The cable offerings were limited.  I may be one of few Americans who had never before experienced a full daily dose of either Fox News or MSNBC.  But I just had a crash course, and it was an appalling experience.  I will not say six of one and half a dozen of the other.  Fox News is essentially a low-brow propaganda outlet pure and simple.  MSNBC, slightly less vacuous and somewhat more intellectually serious, is a step up but still pretty close to the bottom of the staircase of serious journalism.  Both shocked me with their vulgarity.  I am referring here to the networks’ tediously repeating day-long morning and afternoon panels of talking heads.  Some of their prime-time “stars”—such as Tucker Carlson and Rachel Maddow--are highly intelligent partisan polemicists of considerable forensic agility.  They provide something of the experience of an Oxford Union debate, which is to say of engaging sophism that can be quite impressive in its power to confirm the rectitude of one’s pre-existing political biases.  MSNBC has the further ethical advantage of being able to expose and lambast presidential prevarications, while Fox must ignore or rationalize them.  But don’t confuse any of this with principled journalism.  Robert Hutchins once remarked of the two most popular “news” organs of my youth that “America has two great news magazines—Time magazine, for people who can’t think, and Life magazine, for people who can’t read.”  Such, roughly was my “discovery” of MSNBC and Fox.

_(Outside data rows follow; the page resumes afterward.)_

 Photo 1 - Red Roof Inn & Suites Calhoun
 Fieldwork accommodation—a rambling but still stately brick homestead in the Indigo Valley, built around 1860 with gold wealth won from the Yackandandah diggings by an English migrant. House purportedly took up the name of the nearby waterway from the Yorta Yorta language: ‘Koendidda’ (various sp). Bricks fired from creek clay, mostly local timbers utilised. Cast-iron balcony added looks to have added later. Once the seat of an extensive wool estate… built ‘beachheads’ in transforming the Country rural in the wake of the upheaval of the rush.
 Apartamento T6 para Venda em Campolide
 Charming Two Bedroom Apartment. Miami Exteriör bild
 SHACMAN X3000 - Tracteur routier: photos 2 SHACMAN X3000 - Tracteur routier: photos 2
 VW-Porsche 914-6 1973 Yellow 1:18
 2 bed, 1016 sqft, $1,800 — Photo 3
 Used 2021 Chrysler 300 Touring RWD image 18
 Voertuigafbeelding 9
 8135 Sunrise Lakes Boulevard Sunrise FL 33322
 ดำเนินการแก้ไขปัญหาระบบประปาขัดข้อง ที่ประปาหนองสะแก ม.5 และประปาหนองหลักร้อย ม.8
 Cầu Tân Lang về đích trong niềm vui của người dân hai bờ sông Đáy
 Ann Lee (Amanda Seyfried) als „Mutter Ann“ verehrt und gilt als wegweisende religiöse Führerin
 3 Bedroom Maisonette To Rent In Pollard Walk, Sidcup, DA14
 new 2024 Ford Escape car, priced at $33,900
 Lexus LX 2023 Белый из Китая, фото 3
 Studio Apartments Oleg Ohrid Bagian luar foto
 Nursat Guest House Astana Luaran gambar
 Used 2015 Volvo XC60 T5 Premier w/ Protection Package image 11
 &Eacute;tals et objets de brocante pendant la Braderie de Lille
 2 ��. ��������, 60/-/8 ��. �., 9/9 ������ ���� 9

            Fortunately, there was plenty to think about in the books I read.  I read five books by Jean-Francois Revel (1924-2006), a magnificent journalist and one of the great public intellectuals of post-War France.  He was probably best known in this country for his rather amazing book Without Marx or Jesus.  Like the great Raymond Aron (1905-1983), author of The Opium of the Intellectuals, Revel was a champion of “liberalism” in its European sense—a political philosophy based in individual ethical agency and in political and economic liberty.  (This is roughly what is known in the English political vocabulary as “classical conservatism.”)  Unless you have experienced French socialist groupthink in its massive, stolid immobility—as I was forced to do with relation to Arthur Koestler in The Anti-Communist Manifestos—you can have no conception of the sheer intellectual courage of these two men.

            The institution of academic tenure in American universities was intended to protect unpopular or transgressive thinkers from the persecution of political yahoos.  Its effect, on the other hand, has been to institutionalize a leftist conformism that aspires to absolute monopoly and a “multicultural diversity” as diverse as any two pieces of Velveeta cheese.  Since the fall of the Berlin wall, the collapse of the Soviet Union, and the triumph of savage capitalism in the People’s Republic of China, actual “real world” Marxists are pretty thin on the ground.  But universities, whether European or American, rarely aspire to quotidian reality.  I hope our humanities departments are not all destined to become the rag and bone shops in which the great achievements over long centuries of human intellect, art, and science are endlessly stretched upon the rack of “race, class, and gender,” with occasional further oppressive hierarchies still waiting to be fully exposed.  Against all this, in its full frontal Gallic form, Revel battled valiantly for long decades.

            Without Marx or Jesus was published in 1970.  Its opening sentences are these: “The revolution of the twentieth century will take place in the United States.  It is only there that it can happen.  And it has already begun.  Whether or not that revolution spreads to the rest of the world depends on whether or not it succeeds first in America.”  The one advantage of being fifty years late in reading the book, as I was, is that I could avoid the suspense.  The revolution did not succeed.  We blew it all on a big “tax break”, and the world reverted to the old tribalist busy-work.  “It is clear,” says Revel, “that the nation-state henceforth can serve only to polarize the most regressive tendencies of people and their rulers, and that it favors the selection of rulers from among the most aggressive, cynical, and unscrupulous sort of men—that is to say, from among those least capable of understanding the world as it is today and of ameliorating its condition.”  Sad.